Mrs. Macallan walked away impatiently to the end of the room.

"When you are ready, Valeria, I am," she said. "We cannot keep the servants and the horses waiting much longer in this bleak place."

I was too deeply interested in leading Miserrimus Dexter to pursue the subject on which he had touched to be willing to leave him at that moment. I pretended not to have heard Mrs. Macallan. I laid my hand, as if by accident, on the wheel-chair to keep him near me.

"You showed me how highly you esteemed that poor lady in your evidence at the Trial," I said. "I believe, Mr. Dexter, you have ideas of your own about the mystery of her death?"

He had been looking at my hand, resting on the arm of his chair, until I ventured on my question. At that he suddenly raised his eyes, and fixed them with a frowning and furtive suspicion on my face.

"How do you know I have ideas of my own?" he asked, sternly.

"I know it from reading the Trial," I answered. "The lawyer who cross-examined you spoke almost in the very words which I have just used. I had no intention of offending you, Mr. Dexter."

His face cleared as rapidly as it had clouded. He smiled, and laid his hand on mine. His touch struck me cold. I felt every nerve in me shivering under it; I drew my hand away quickly.

"I beg your pardon," he said, "if I have misunderstood you. I have ideas of my own about that unhappy lady." He paused and looked at me in silence very earnestly. "Have you any ideas?" he asked. "Ideas about her life? or about her death?"

I was deeply interested; I was burning to hear more. It might encourage him to speak if I were candid with him. I answered, "Yes."
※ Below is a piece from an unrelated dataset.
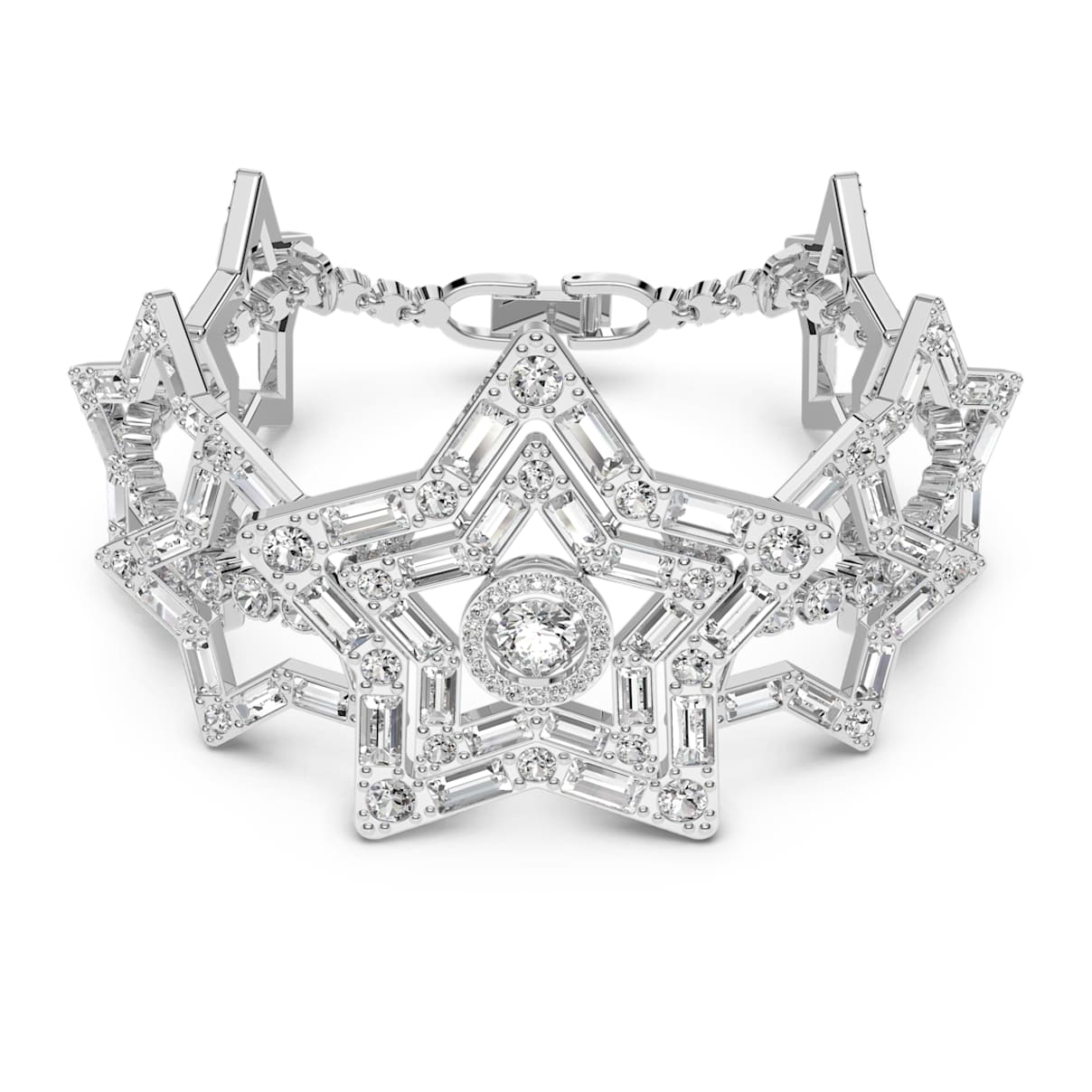 Pulsera Stella, Tallas mixtas, Estrella, Grande, Blanca, Baño de rodio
"Ideas which you have mentioned to any one?" he went on.

"To no living creature," I replied—"as yet."

"This very strange!" he said, still earnestly reading my face. "What interest can you have in a dead woman whom you never knew? Why did you ask me that question just now? Have you any motive in coming here to see me?"

I boldly acknowledged the truth. I said, "I have a motive."
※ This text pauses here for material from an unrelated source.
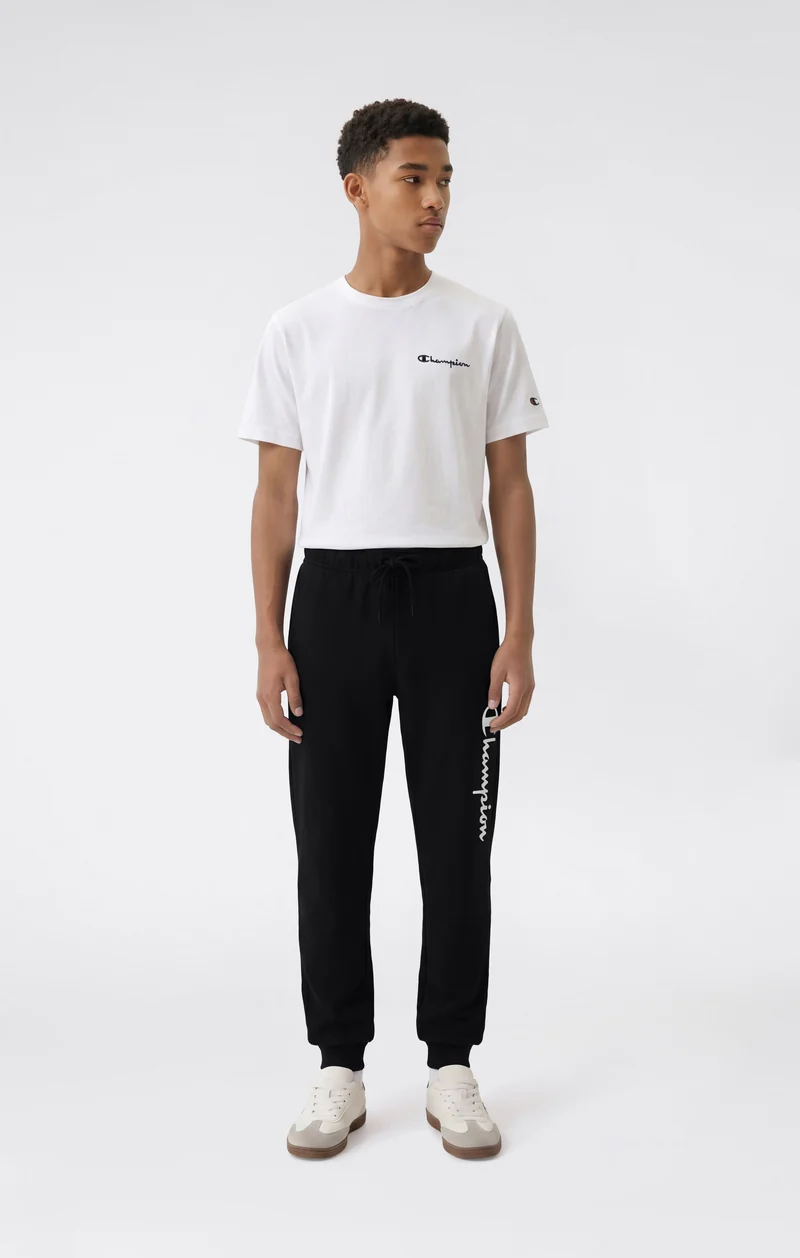 Boys' Fleece Rib Cuff Jogger Pants Script Logo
"Is it connected with Eustace Macallan's first wife?"

"It is."

"With anything that happened in her lifetime?"

"No."

"With her death?"

"Yes."

He suddenly clasped his hands with a wild gesture of despair, and then pressed them both on his head, as if he were struck by some sudden pain.
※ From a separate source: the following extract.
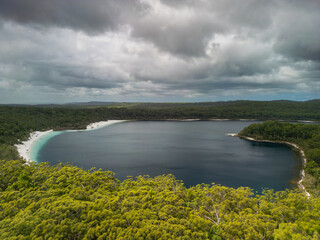 Aerial views of Lake McKenzie on the sand island of K’gari, Queensland, Australia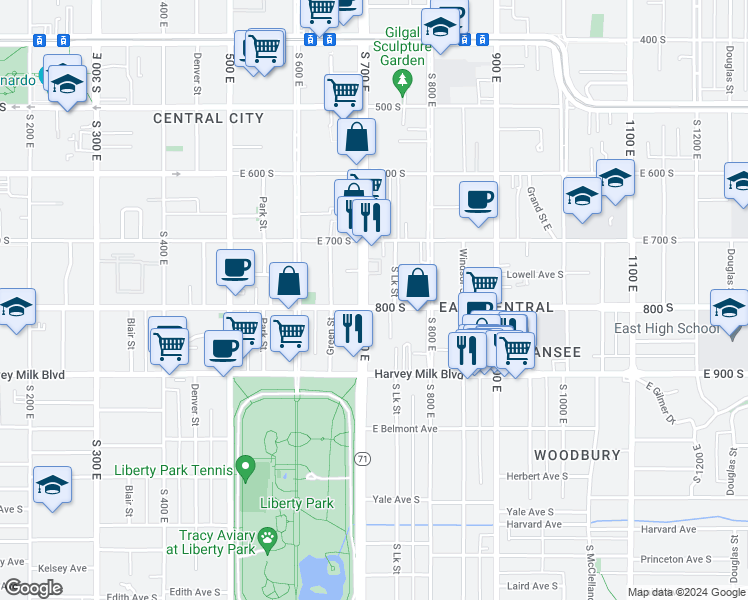 map of restaurants, bars, coffee shops, grocery stores, and more near 733 800 South in Salt Lake City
"I can't hear it to-night!" he said. "I would give worlds to hear it, but I daren't. I should lose all hold over myself in the state I am in now. I am not equal to raking up the horror and the mystery of the past; I have not courage enough to open the grave of the martyred dead. Did you hear me when you came here? I have an immense imagination. It runs riot at times. It makes an actor of me. I play the parts of all the heroes that ever lived. I feel their characters. I merge myself in their individualities. For the time I am the man I fancy myself to be. I can't help it. I am obliged to do it. If I restrained my imagination when the fit is on me, I should go mad. I let myself loose. It lasts for hours. It leaves me with my energies worn out, with my sensibilities frightfully acute. Rouse any melancholy or terrible associations in me at such times, and I am capable of hysterics, I am capable of screaming. You heard me scream. You shall not see me in hysterics. No, Mrs. Valeria—no, you innocent reflection of the dead and gone—I would not frighten you for the world. Will you come here to-morrow in the daytime? I have got a chaise and a pony. Ariel, my delicate Ariel, can drive. She shall call at Mamma Macallan's and fetch you. We will talk to-morrow, when I am fit for it. I am dying to hear you. I will be fit for you in the morning. I will be civil, intelligent, communicative, in the morning. No more of it now. Away with the subject—the too exciting, the too interesting subject! I must compose myself or my brains will explode in my head. Music is the true narcotic for excitable brains. My harp! my harp!"